Try it
Make an exact copy of the records, leaving out the images.

--*--

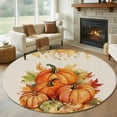 thumbnail image 1 of Round Rugs 7Ft, Fall Thanksgiving Round Area Rug Washable Indoor Throw Carpet, Rustic Orange Pumpkin Harvest Maple Leaf Large Non Slip Circle Rug for Dining Room Playroom Home Decor Aesthetic, 1 of 8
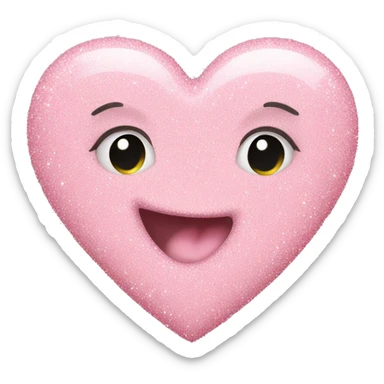 Light pink glitter heart  sticker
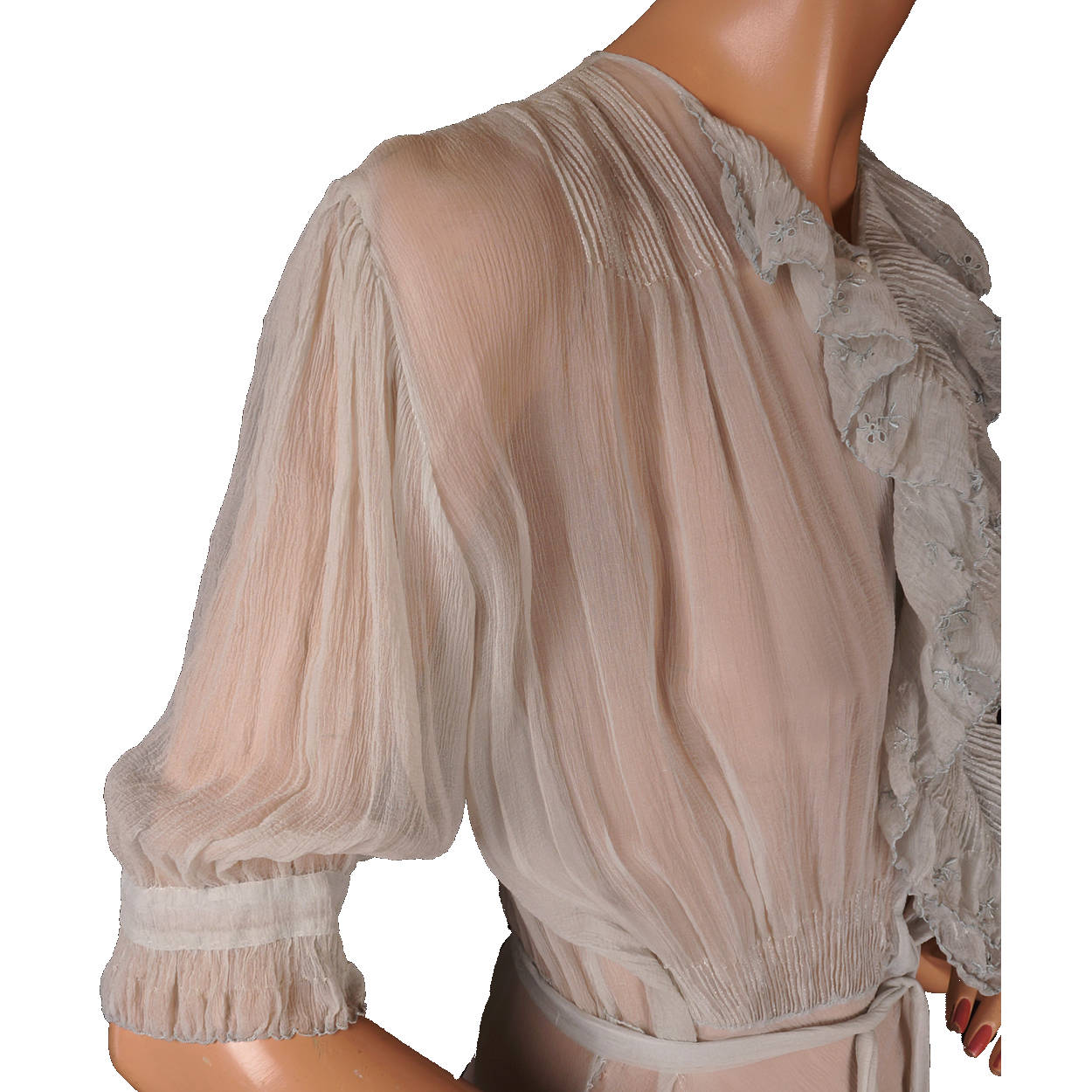 Vintage 1930s Blue Silk Chiffon Nightgown - M - Poppy's Vintage Clothing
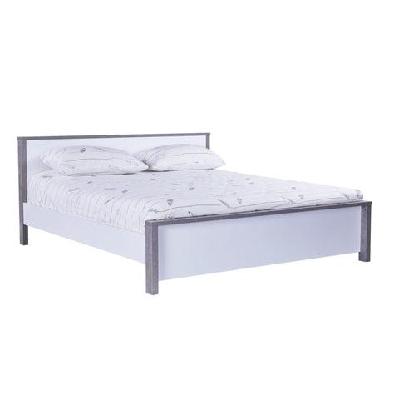 modern wooden queen bed frame - white / grey
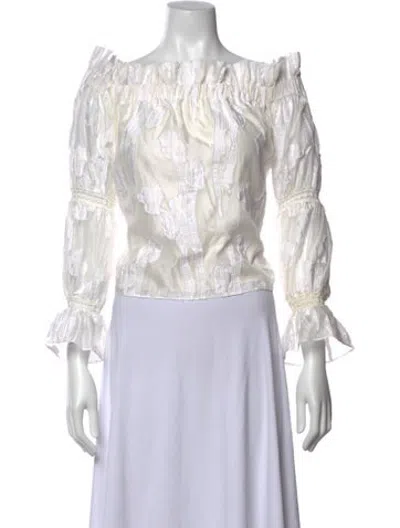 Pre-owned Alexis Floral Print Off-the-shoulder Blouse In Neutrals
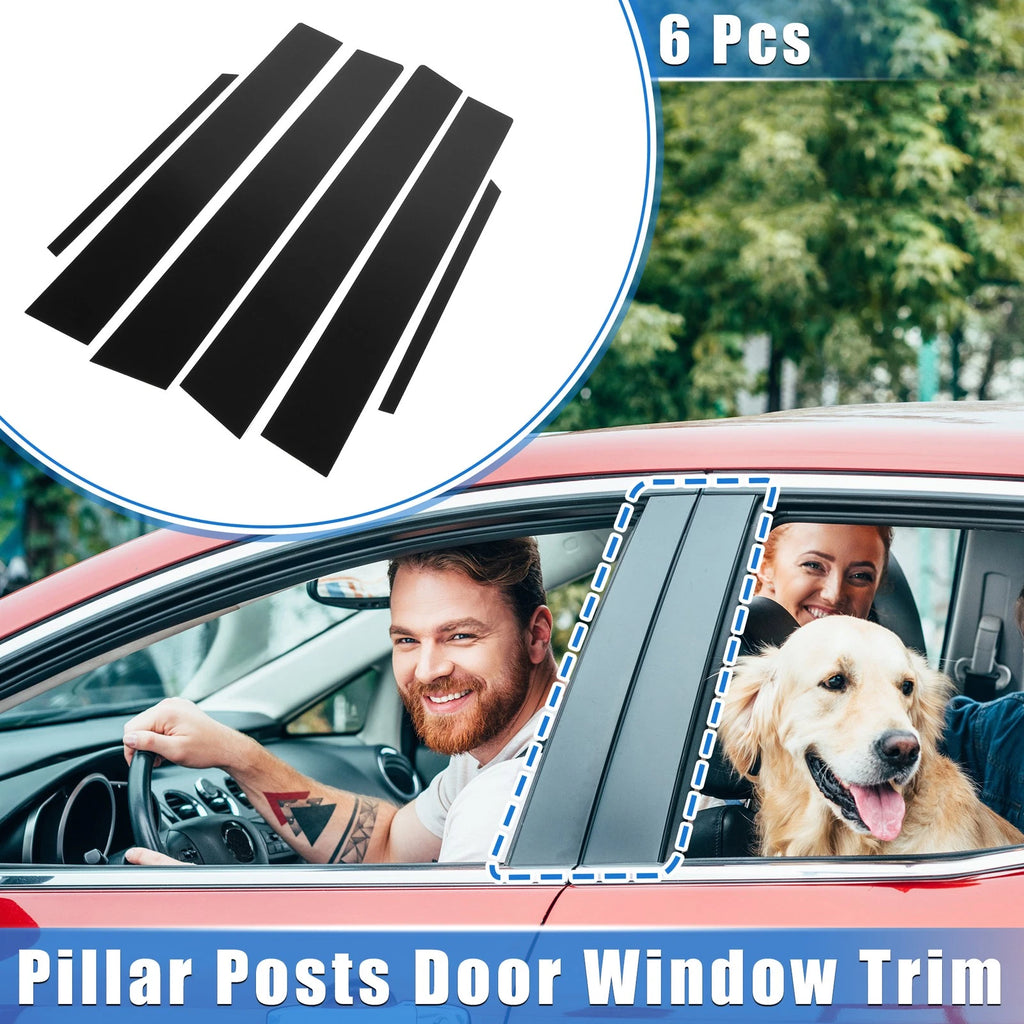 Set of 6 Pillar Posts Door Window Trim Cover for Toyota Corolla (2009–2013) Black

--*--

Exercise result
 thumbnail image 1 of Round Rugs 7Ft, Fall Thanksgiving Round Area Rug Washable Indoor Throw Carpet, Rustic Orange Pumpkin Harvest Maple Leaf Large Non Slip Circle Rug for Dining Room Playroom Home Decor Aesthetic, 1 of 8
 Light pink glitter heart  sticker
 Vintage 1930s Blue Silk Chiffon Nightgown - M - Poppy's Vintage Clothing
 modern wooden queen bed frame - white / grey
 Pre-owned Alexis Floral Print Off-the-shoulder Blouse In Neutrals
 Set of 6 Pillar Posts Door Window Trim Cover for Toyota Corolla (2009–2013) Black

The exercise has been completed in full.